══ Source data
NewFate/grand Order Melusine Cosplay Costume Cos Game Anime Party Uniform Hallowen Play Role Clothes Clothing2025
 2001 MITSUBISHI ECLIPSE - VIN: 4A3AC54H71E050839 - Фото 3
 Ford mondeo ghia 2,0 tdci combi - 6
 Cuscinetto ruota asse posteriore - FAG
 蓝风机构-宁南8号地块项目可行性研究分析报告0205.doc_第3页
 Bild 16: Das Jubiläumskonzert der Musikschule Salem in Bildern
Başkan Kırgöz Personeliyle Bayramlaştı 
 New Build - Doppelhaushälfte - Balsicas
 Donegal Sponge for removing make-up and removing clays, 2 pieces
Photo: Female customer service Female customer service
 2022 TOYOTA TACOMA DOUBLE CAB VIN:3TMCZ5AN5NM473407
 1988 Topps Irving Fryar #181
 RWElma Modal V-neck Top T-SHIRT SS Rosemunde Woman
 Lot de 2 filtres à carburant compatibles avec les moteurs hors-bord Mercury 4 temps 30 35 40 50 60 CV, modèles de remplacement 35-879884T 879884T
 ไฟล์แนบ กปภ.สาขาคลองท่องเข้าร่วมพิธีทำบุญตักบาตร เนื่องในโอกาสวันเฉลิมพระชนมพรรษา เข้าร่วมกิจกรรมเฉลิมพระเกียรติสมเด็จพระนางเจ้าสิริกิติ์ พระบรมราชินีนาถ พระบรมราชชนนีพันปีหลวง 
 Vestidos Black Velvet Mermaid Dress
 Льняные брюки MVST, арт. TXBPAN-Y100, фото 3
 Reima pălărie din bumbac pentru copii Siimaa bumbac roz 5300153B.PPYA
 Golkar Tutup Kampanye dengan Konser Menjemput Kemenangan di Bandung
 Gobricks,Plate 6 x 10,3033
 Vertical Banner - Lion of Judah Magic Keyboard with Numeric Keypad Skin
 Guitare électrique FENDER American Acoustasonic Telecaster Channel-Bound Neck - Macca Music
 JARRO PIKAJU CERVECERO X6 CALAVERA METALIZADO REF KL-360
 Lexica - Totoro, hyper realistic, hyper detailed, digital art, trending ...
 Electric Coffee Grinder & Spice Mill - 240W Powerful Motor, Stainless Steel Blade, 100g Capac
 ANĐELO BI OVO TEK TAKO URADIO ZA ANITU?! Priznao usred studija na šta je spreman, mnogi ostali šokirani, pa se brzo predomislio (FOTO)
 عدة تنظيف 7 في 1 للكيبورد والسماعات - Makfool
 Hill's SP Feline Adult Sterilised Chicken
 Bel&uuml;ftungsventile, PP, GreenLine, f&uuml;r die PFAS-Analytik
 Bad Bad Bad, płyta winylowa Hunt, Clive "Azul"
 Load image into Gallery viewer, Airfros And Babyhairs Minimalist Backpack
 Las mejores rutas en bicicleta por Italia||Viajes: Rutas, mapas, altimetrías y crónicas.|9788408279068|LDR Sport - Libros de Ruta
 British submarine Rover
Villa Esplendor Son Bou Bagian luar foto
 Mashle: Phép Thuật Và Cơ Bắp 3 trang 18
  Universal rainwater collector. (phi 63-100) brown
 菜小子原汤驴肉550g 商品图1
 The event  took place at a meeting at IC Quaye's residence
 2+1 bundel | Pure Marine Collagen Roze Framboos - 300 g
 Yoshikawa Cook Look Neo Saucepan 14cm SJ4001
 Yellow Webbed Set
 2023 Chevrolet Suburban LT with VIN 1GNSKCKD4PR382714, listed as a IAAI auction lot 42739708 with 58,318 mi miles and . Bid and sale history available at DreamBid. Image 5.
════
**Assignment**
Copy the lines above that hold the word "with".

**Expected answer**
 Vertical Banner - Lion of Judah Magic Keyboard with Numeric Keypad Skin
 2023 Chevrolet Suburban LT with VIN 1GNSKCKD4PR382714, listed as a IAAI auction lot 42739708 with 58,318 mi miles and . Bid and sale history available at DreamBid. Image 5.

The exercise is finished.